Von der Decke herabhängend ein monumentaler Scherenschnitt von Droese. Auch er eine Silhouette wie Borofskys Figur, aber mit viel komplizierterer innerer Struktur. Zum Werk gehören auf dem Boden die Glaskugel, wie sie Fangnetze tragen, und Glasscheiben, unter denen Dokumente liegen. Die Silhouette schließt nun zur Fischkontur zusammen: dem Zeichen der Christen als Bekenner. Der Fisch wird aus der gläsernen Wasseroberfläche gezogen. Wer da "ich habe Anne Frank umgebracht" sagt? Die mit Stellvertreternamen auf den Dokumenten repräsentierten Industriellen, die Künstler und Alltagspornographen! Daß sie das Eingeständnis machen, die Juden getötet zu haben, ist das tatsächlich Christliche an ihnen.
Art & Language
Was das tatsächlich Künstlerische an den Mitgliedern der Art and Language-Gruppe ist, zeigt ihr großes Atelierbild. Sie sind Dennochkünstler. Mit dem Munde haben sie gemalt.

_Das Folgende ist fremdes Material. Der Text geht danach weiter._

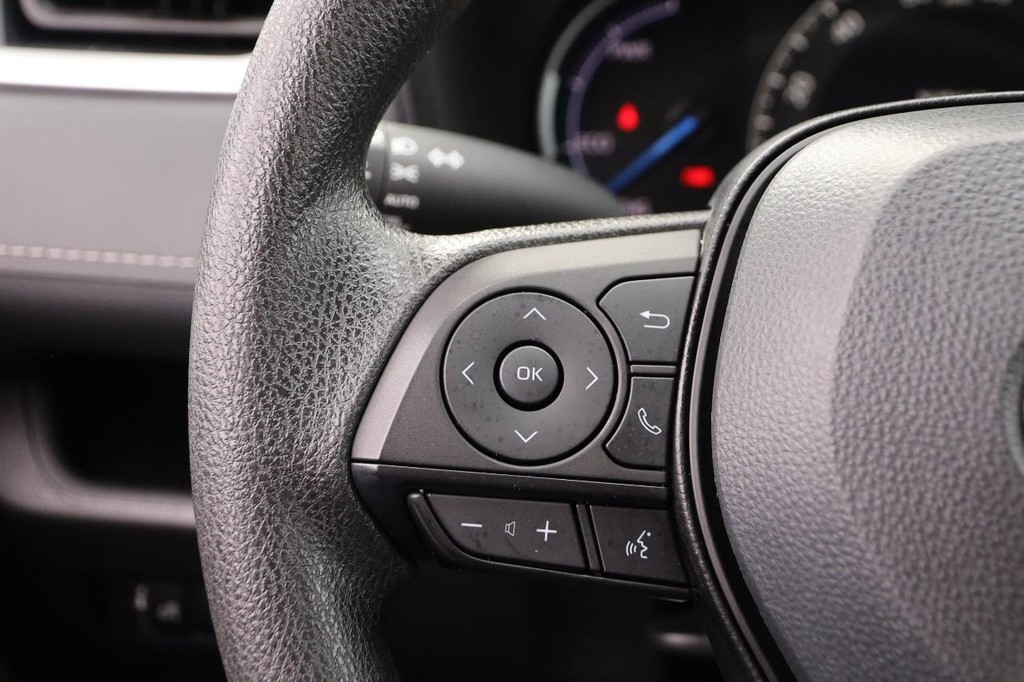 Toyota RAV4 Vehicle Full-screen Gallery Image 11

Künstler sind in ihrem Rollenverständnis so verstümmelt wie die Kriegsopfer, denen man die Arme abgeschossen hatte.
Nach dem Zweiten Weltkrieg gab es noch jahrzehntelang Bildserien von "Dennoch-Künstlern mit dem Munde gemalt". Diese Serie vertrieb die Caritas. Und wir sahen darin eine schauerliche Wiederholung der Frage Lessings, ob ein Raffael ohne Hände auch der Raffael geworden wäre, den wir kennen. Heute wissen wir, sagen die A-und-L-Leute, daß ein Raffael nur ohne Hände zu jenem höchsten Künstleranspruch kommt. Bei aller Verführung durch künstlerisches Können, Verführung zum vollendeten Werk, ist ein großer Künstler doch nur, wer gegen diese Verführung Widerstand aufbaut. Man kann heute nicht mehr Künstler sein wollen, sondern nur noch Dennochkünstler. Alles spricht mit Recht gegen den Anspruch der Kunst. Dennoch!